### Dataprep / Pathspider

Prepare FJSON formatted Pathspider ECN plugin merged observations in a single file for further per-target analysis

In [5]:
import pandas as pd
import itertools
import json
import matplotlib.pyplot as plt

%matplotlib inline

def gen_ndjson_ecn_flows(filename, limit = 0):
    """
    Iterate over objects in an NDJSON file,
    returning only Pathspider ECN flow results
    """
    with open(filename) as f:
        for n, line in enumerate(f):
            try:
                j = json.loads(line)
                for f in j['flow_results']:
                    yield f
            except Exception as e:
                print(repr(e))

            if limit and n >= limit - 1:
                break
def gen_ndjson_ecn_observations(filename, limit = 0):
    """
    Iterate over objects in an NDJSON file,
    returning full Pathspider ECN opservations
    """
    with open(filename) as f:
        for n, line in enumerate(f):
            try:
                j = json.loads(line)
                yield j
            except Exception as e:
                print(repr(e))  

            if limit and n >= limit - 1:
                break

In [21]:
condition_map = {"ecn.connectivity.works": "all_conn",
                "ecn.connectivity.broken": "ecn0_conn",
                "ecn.connectivity.transient": "ecn1_conn",
                "ecn.connectivity.offline": "no_conn",
                "ecn.negotiated": "nego",
                "ecn.ect_zero.seen": "ect0",
                "ecn.ect_one.seen": "ect1",
                "ecn.ce.seen": "ce"}
                                            
def extract_ecn_conditions(obsgen):
    for obs in obsgen:
        d = { 'sip': obs['sip'],
              'dip': obs['dip'],
              'host': obs['hostname'],
              'rank': obs['rank']}
        
        if len(obs['flow_results']) == 2 and 'oct_rev' in obs['flow_results'][1]:
            d['ecn1_oct'] = obs['flow_results'][1]['oct_rev'] 
        else:
            d['ecn1_oct'] = 0
        
        for col in condition_map.values():
             d[col] = False
        
        condset = set(obs['conditions'])
        for cond in condition_map:
            if cond in condset:
                d[condition_map[cond]] = True
        
        yield d

def condition_dataframe(filename, limit = 0):
    return pd.DataFrame(extract_ecn_conditions(gen_ndjson_ecn_observations(filename, limit)))

In [34]:
df = {}
%time df{'ams'} = condition_dataframe('udQlWFuQrA-do-ams3-2048-0')
%time df{'lon'} = condition_dataframe('udQlWFuQrA-do-lon1-2048-0')
%time df{'fra'} = condition_dataframe('udQlWFuQrA-do-fra1-2048-0')
%time df{'nyc'} = condition_dataframe('udQlWFuQrA-do-nyc2-2048-0')
%time df{'sfo'} = condition_dataframe('udQlWFuQrA-do-sfo1-2048-0')
%time df{'sgp'} = condition_dataframe('udQlWFuQrA-do-sgp1-2048-0')

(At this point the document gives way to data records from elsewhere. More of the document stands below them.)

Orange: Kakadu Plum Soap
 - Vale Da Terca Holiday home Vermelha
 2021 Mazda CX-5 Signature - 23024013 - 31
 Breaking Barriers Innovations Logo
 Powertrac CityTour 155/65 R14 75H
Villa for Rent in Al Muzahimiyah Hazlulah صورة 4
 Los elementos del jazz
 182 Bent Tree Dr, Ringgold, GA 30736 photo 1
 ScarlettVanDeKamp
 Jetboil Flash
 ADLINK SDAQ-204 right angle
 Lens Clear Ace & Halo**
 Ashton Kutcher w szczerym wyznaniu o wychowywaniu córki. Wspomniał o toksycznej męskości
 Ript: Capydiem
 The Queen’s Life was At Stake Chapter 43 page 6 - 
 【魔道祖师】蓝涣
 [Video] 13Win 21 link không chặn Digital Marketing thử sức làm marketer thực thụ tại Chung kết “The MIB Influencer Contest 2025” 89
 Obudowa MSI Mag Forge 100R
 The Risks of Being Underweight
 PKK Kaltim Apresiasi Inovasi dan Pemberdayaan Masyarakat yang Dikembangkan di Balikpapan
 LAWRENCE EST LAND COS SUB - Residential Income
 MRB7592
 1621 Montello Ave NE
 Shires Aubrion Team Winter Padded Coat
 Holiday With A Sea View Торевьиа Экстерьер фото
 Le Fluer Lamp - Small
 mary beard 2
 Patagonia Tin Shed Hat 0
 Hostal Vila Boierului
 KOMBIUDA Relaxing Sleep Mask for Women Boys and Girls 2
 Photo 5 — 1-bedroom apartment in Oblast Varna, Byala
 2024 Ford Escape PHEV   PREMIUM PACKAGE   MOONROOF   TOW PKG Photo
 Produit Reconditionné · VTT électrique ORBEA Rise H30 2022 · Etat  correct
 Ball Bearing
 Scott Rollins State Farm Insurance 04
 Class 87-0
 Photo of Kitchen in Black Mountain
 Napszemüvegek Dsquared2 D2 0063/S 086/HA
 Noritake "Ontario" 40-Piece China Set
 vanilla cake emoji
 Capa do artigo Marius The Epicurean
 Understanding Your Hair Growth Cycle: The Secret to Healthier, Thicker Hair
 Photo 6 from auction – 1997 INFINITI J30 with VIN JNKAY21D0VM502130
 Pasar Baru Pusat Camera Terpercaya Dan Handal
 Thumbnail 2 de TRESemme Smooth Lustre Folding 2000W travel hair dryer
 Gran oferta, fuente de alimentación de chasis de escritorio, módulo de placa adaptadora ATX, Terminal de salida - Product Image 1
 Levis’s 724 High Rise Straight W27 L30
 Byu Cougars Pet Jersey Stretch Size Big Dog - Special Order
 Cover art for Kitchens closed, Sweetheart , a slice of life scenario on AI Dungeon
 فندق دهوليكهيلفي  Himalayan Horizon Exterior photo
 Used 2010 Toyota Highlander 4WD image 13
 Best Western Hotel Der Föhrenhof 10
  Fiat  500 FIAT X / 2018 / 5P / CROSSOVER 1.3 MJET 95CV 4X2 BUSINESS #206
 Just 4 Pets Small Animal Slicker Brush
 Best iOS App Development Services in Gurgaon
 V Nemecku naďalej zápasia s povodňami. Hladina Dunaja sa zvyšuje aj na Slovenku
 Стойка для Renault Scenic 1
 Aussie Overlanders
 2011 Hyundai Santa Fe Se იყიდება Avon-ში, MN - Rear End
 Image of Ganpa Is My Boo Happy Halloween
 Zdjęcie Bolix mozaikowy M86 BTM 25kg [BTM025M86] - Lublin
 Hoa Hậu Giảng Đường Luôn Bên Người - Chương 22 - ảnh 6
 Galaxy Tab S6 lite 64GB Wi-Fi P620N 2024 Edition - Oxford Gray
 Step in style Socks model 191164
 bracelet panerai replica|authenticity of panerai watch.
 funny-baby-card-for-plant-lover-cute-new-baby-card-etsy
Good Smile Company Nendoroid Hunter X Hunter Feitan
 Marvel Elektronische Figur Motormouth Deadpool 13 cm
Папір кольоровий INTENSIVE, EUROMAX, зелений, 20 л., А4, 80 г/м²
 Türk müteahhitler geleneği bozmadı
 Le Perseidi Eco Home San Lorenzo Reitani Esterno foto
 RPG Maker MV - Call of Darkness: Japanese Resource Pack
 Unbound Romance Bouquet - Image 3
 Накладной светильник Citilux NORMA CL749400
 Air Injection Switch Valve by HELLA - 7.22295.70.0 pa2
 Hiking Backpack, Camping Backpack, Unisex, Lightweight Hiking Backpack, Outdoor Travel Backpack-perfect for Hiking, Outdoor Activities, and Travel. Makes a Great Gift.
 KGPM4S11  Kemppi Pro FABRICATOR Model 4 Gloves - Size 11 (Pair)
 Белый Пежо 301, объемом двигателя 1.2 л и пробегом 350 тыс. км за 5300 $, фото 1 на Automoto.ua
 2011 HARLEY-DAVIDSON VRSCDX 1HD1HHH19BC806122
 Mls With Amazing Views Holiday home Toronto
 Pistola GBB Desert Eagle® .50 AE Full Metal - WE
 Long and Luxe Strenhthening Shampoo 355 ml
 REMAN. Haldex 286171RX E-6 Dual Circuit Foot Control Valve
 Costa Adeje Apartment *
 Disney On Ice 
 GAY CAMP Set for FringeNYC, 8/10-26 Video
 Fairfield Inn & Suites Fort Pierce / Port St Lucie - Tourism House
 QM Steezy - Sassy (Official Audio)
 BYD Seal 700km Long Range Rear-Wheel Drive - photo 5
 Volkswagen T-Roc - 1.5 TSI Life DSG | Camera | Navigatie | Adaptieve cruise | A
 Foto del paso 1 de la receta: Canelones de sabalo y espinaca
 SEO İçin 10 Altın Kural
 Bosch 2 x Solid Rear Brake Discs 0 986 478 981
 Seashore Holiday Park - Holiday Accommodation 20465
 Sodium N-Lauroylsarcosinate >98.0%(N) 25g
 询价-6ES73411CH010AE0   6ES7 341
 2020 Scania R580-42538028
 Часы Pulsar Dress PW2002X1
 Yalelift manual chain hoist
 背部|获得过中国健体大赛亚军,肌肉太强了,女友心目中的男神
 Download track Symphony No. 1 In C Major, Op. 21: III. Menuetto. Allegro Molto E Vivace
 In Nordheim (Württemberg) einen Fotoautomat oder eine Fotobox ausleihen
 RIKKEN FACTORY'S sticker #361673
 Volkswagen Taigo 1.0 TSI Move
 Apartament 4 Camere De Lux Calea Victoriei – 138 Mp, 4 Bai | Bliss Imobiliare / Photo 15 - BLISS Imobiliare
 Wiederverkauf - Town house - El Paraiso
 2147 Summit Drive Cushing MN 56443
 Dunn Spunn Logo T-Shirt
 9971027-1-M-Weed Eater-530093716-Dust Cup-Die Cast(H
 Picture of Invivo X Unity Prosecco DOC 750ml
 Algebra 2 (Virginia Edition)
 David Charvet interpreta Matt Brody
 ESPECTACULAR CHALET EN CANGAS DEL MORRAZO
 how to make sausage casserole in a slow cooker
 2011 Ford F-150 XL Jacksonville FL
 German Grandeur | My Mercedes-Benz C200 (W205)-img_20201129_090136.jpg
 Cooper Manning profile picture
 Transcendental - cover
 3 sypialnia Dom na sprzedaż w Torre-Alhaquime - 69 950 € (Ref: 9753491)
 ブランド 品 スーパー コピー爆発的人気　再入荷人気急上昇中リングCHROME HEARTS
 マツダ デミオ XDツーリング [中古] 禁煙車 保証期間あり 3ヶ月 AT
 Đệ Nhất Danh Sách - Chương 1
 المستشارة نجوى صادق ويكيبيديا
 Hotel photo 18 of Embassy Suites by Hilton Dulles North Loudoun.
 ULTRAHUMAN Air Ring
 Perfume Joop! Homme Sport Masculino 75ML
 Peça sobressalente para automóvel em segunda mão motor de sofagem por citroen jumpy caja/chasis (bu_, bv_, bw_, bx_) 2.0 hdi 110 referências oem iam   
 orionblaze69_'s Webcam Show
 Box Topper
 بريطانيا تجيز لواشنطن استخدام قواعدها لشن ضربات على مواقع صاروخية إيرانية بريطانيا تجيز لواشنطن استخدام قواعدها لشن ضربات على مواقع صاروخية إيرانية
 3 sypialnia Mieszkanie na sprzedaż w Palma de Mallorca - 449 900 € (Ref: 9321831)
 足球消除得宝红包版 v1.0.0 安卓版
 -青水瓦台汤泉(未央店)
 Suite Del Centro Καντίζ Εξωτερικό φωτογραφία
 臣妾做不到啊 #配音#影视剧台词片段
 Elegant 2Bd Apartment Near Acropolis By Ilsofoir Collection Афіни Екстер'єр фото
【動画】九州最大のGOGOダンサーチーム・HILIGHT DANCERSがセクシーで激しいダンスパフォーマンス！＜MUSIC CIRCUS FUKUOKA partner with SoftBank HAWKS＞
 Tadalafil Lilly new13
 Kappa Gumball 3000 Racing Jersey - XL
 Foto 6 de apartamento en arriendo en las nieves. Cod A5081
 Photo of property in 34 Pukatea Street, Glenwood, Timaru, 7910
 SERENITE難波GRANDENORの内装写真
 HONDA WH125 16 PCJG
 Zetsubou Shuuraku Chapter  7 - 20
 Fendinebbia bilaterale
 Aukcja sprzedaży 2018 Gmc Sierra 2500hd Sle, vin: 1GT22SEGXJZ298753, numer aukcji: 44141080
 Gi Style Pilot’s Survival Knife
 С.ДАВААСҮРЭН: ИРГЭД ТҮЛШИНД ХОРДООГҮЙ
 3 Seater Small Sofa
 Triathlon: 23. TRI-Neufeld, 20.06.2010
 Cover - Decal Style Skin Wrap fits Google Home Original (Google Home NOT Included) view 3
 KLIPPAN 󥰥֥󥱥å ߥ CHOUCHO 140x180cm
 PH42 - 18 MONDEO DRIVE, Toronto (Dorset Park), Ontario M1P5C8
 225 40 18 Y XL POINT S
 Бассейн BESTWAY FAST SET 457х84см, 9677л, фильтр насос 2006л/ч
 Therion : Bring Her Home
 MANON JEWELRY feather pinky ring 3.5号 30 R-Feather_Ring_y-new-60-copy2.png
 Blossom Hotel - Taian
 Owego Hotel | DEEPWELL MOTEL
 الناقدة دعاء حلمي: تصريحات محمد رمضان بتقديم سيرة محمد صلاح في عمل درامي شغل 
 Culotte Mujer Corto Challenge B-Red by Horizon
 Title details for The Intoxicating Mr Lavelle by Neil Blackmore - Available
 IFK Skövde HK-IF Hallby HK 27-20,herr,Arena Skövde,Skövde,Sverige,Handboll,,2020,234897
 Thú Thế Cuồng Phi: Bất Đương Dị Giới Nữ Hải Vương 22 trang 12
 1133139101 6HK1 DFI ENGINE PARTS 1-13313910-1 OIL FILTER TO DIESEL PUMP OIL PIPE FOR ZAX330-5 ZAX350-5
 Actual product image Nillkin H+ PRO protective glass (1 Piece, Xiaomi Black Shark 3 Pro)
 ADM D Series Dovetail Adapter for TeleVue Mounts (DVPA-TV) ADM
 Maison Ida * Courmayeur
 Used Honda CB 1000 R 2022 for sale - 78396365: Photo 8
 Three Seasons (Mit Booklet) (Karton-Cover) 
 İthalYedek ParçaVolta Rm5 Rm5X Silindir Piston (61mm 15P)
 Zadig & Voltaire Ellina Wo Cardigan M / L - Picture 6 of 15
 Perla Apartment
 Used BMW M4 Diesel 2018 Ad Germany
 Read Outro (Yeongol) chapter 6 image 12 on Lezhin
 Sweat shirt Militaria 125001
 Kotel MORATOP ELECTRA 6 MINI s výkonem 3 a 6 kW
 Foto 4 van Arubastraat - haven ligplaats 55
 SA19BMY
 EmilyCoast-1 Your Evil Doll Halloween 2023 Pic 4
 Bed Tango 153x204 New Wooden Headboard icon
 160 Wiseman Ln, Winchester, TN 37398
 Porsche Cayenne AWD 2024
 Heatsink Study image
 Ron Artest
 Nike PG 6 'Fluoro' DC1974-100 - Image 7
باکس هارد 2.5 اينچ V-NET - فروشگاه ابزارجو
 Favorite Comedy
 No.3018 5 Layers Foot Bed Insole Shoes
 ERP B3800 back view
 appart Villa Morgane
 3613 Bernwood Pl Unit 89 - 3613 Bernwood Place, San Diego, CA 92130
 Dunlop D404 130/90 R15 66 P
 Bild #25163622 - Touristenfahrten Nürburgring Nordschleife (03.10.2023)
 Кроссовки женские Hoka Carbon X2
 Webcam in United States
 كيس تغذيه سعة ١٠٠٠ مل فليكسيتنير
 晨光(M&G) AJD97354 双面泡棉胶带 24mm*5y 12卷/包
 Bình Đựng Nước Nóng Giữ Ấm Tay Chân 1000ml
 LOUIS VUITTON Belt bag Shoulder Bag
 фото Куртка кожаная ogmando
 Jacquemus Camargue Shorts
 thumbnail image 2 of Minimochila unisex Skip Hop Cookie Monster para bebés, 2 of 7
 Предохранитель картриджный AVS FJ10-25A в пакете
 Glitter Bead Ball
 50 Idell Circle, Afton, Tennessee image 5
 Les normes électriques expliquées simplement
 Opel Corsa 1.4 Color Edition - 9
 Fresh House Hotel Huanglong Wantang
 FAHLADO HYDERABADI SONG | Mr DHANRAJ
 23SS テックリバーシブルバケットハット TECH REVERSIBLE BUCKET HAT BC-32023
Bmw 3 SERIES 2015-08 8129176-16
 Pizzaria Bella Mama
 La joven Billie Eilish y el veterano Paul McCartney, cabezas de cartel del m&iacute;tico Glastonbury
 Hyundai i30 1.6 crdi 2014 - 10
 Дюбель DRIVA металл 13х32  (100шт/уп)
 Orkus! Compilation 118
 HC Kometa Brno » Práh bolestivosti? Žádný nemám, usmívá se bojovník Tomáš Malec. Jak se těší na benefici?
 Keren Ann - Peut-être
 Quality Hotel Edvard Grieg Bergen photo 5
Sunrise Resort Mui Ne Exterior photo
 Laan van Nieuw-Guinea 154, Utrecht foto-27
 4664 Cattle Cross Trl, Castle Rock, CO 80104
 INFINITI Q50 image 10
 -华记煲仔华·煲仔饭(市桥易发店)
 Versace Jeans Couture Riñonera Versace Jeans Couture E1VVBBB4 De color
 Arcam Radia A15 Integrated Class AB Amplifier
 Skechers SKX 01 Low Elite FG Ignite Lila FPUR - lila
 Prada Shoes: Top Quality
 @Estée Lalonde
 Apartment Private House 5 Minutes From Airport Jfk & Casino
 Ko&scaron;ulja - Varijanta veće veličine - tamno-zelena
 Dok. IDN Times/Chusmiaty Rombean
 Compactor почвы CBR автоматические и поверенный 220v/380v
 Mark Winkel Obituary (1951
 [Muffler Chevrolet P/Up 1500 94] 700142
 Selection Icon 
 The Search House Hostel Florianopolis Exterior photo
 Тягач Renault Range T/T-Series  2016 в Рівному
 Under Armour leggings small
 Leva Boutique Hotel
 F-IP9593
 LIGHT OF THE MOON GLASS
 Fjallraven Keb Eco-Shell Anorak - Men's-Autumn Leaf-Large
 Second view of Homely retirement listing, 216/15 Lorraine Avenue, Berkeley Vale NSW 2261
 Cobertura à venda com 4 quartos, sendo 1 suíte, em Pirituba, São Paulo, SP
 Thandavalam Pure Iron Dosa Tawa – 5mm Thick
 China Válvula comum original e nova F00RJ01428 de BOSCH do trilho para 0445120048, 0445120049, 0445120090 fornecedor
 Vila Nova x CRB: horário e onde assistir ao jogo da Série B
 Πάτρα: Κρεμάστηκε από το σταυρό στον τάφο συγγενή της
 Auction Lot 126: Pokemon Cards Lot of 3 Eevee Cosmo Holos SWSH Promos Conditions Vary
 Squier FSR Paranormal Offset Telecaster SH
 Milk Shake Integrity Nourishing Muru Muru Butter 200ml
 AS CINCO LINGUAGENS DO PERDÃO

CPU times: user 26 s, sys: 797 ms, total: 26.8 s
Wall time: 26.8 s
CPU times: user 30.6 s, sys: 1.28 s, total: 31.9 s
Wall time: 32 s
CPU times: user 30.1 s, sys: 1.25 s, total: 31.3 s
Wall time: 31.4 s
CPU times: user 29.2 s, sys: 1.16 s, total: 30.4 s
Wall time: 30.4 s
CPU times: user 27.9 s, sys: 1.12 s, total: 29 s
Wall time: 29.1 s
CPU times: user 28.6 s, sys: 1.17 s, total: 29.8 s
Wall time: 29.8 s


In [36]:
df = { 'ams': df_ams0,
       'fra': df_fra0,
       'lon': df_lon0,
       'nyc': df_nyc0,
       'sfo': df_sfo0,
       'sgp': df_sgp0 }

False    764620
True       1200
dtype: int64